Mood: Monday

Happy Earth Day 2024! I have few details to provide about the creator of this art. I paid for and downloaded it digitally from the Etsy account Unlimited Extra, where it’s listed as Earth Day 2024: Everyday, Protect Environment, Save The Planet.

Every day should be Earth Day for sure. I hope you find a way to honor and provide stewardship of our beautiful planet today. I’ll shoot and add photos to this post later to show a little of Nature’s beauty at Houndstooth Hall.


Growth returning after I pruned these a few months back.

Scenes from Debby’s work around Fairy Cottage.

Some of Tim’s plants in the Hall’s front beds.

Tom always prunes the lantana after it freezes, and this one is already flourishing.

And in the other bed, this one always blooms later and is starting that now.

A peek at the tops of the mimosa and magnolia trees from the back yard.

Every morning…

…I play games. It began with one game, Spelling Bee, in my news feed. I didn’t play it the way other people played it. I had a single goal (there can be several with this game), and I waited until the next day to learn if I’d accomplished my goal (you can get immediate online solutions from many sources, but for me, waiting was a deliberate exercise in patience). I thought of the game as my mental acuity test: How well is my brain working this morning?

Through my same newsfeed, I started checking out Connections, and I was surprisingly good at it and got even better over time. Occasionally, I only correctly guess all four groups because the fourth is made up of my leftover choices, but once I see the answer, it makes sense, and I realized I sometimes have to put my logic aside and try to guess the game creators’ logic.

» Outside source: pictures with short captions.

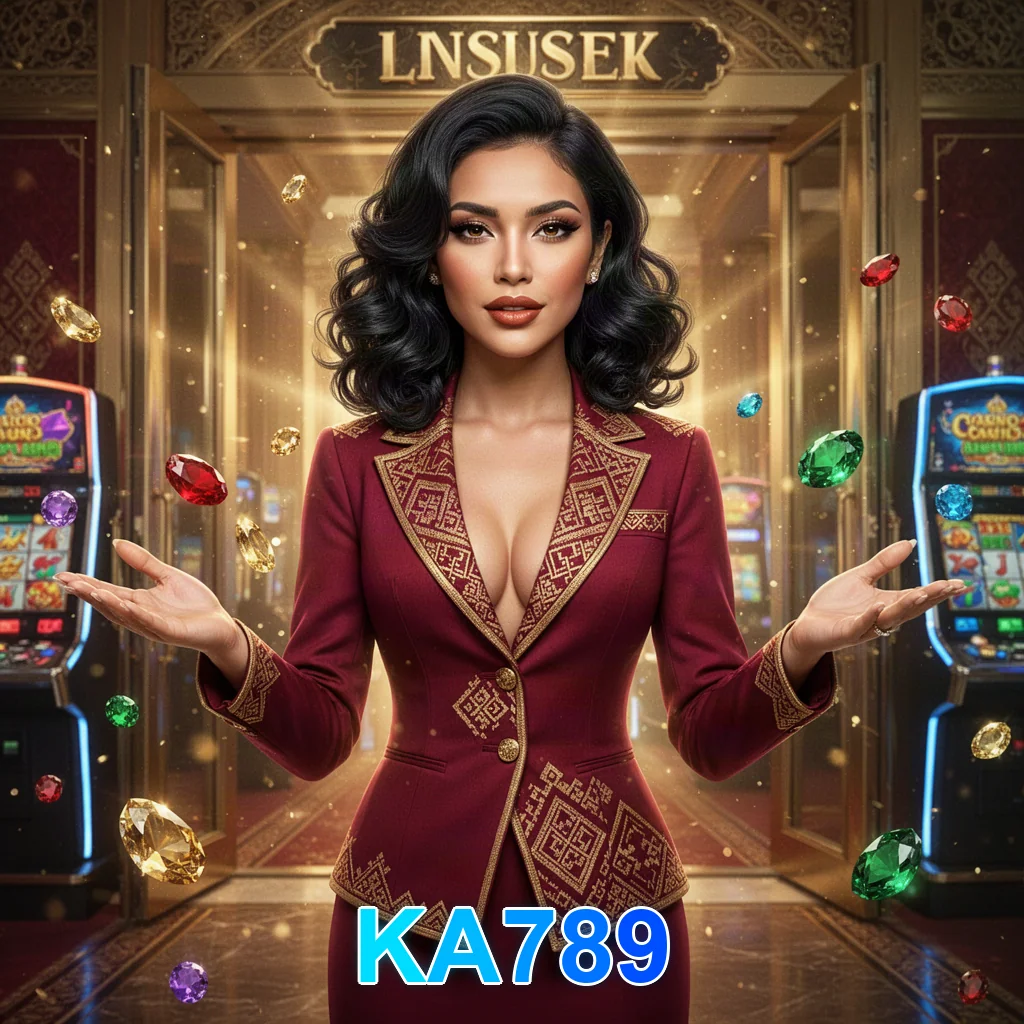 Game Fortune KA789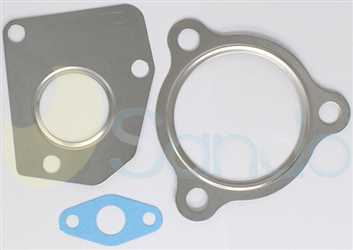 SMK81007 DEFAULT BORGWARNER Type 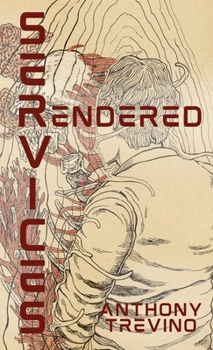 Paperback Services Rendered Book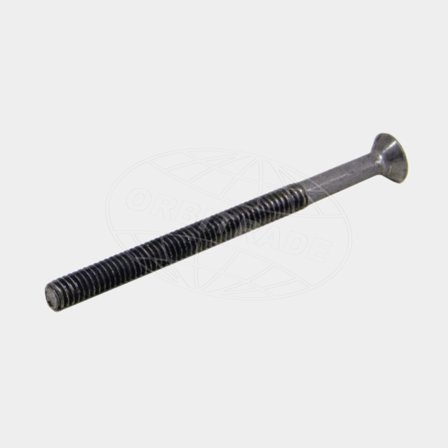 Skruv drevkåpa nedre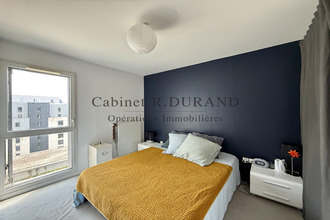  appartement colombes 92700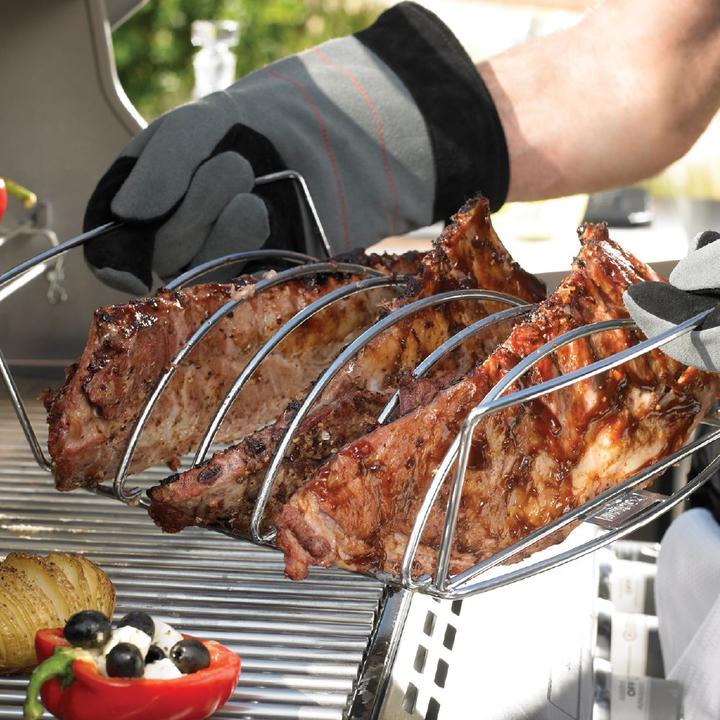 Immagine prodotto Weber Portacostole di ricambio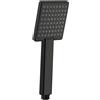 Damast - doccetta NADAL Q1 BLACK - 18440/16007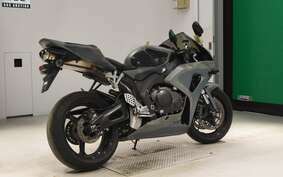 HONDA CBR1000RR 2007 SC57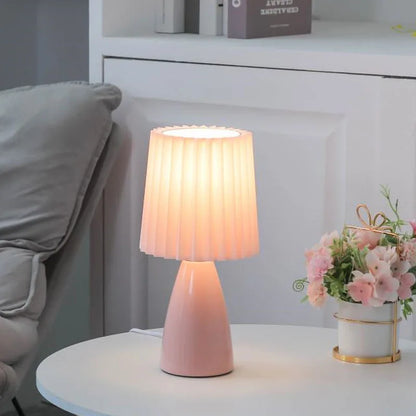 Ceramic LED Table Lamp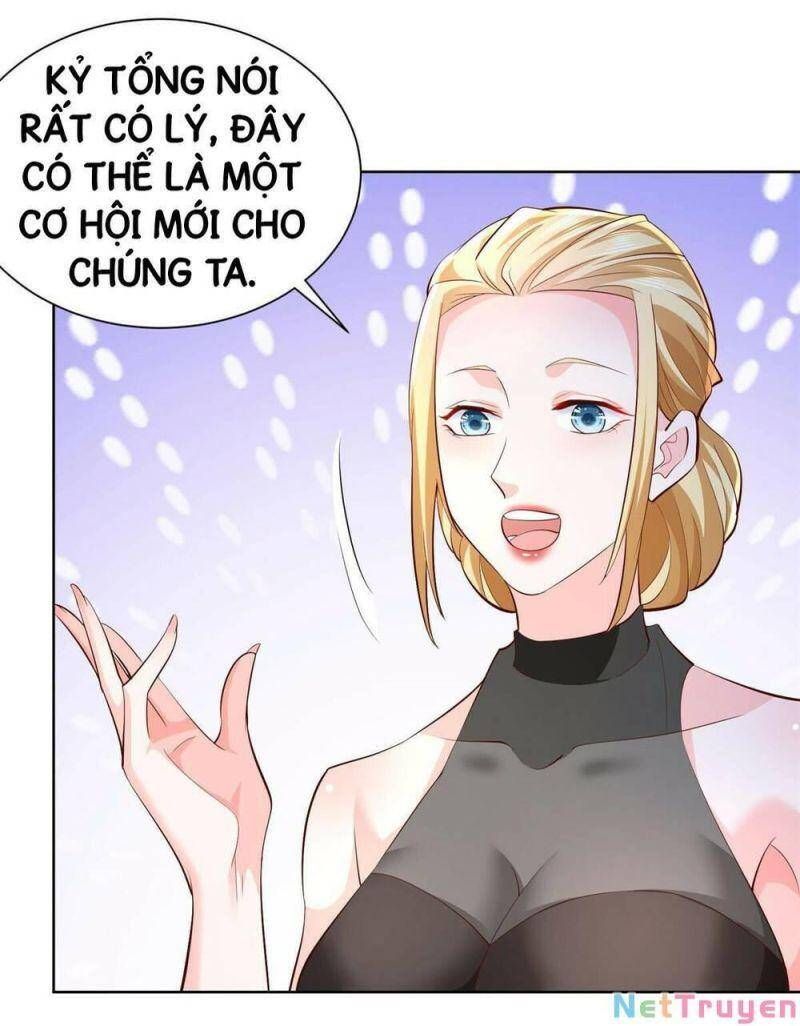 đọc truyện Mỗi Tuần Ta Có Một Nghề Nghiệp Mới Chương 226 ảnh 22 tại Thiên Thai Truyện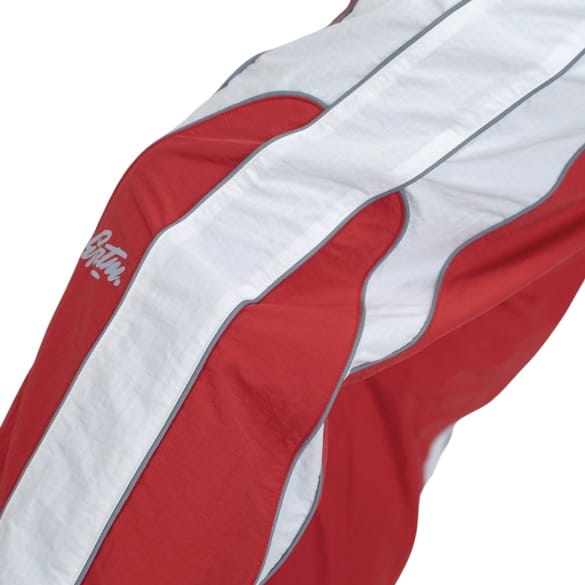 Eptm Legacy Jacket & Pants Set (Red)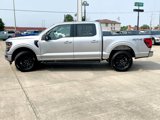 New 2025 Ford F150 XLT image 6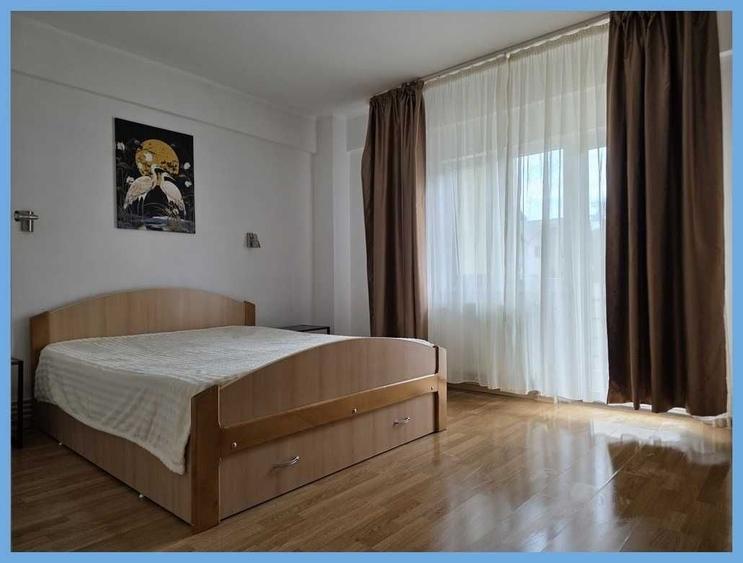 Apartament cu 2 camere semidecomandat în Obor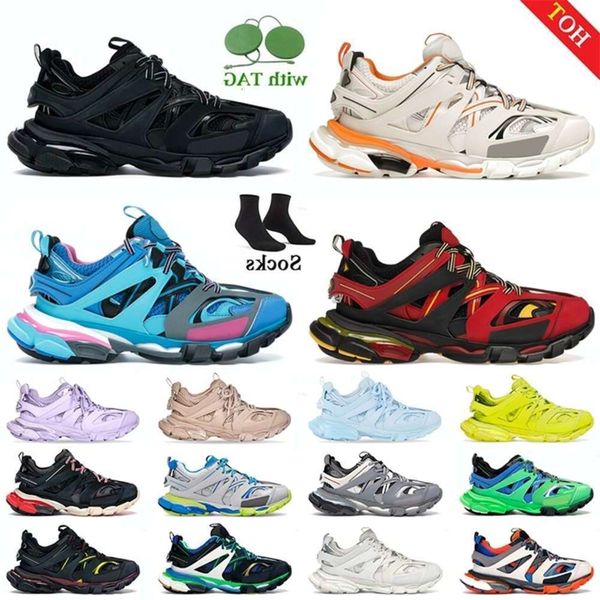 Parisiga Shoe track Fashion Track 3 Casual Shoes Triple s 3.0 Platform Black White Green Pink Dark Blue Cool Grey Cement Rainbow Shadow, B9 rainbow 3645
Parisiga Shoe track Fashion Track 3 Casual Shoes Triple s 3.0 Platform Black White Green Pink Dark Blue Cool Grey Cement Rainbow Shadow, B9 rainbow 3645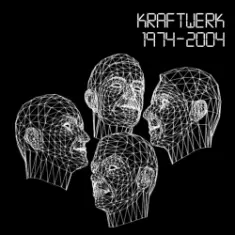 Kraftwerk — Europa Endlos (Edit)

When the online game Wordle took off in 2022, I briefly glanced at it, but it didn’t grab me at the time. I knew several people who played, including Tom, Jim, and Timmy. Then, for whatever reason, Jim, Timothy, and I began talking about Wordle since Jim played it, and the next thing that happened was that both Tim and I began playing, and he, Jim, and I began sharing our game results in our ongoing text thread.

Online games are a slippery slope. Among the three of us, we are now playing and sharing our scores for:

And those include daily and weekly Quordle, and daily and deluxe Waffle. Other than Framed, all of them are word games (none of us, as far as I know, has interest in Sudoku, which is Tom’s numbers game, and so far, we haven’t ventured into any online crosswords games). We each have our games we’re strongest at, and let me assure you, Framed, in which you get six chances to identify a film based on six still photos from that film, is NOT my strong game. To entertain myself despite my abysmal ignorance of so many movies, I make up titles or choose actual movie titles that are so far from the actual movie that I have a secret hope the game creators have some kind of algorithm that provides them with the worst/silliest guesses.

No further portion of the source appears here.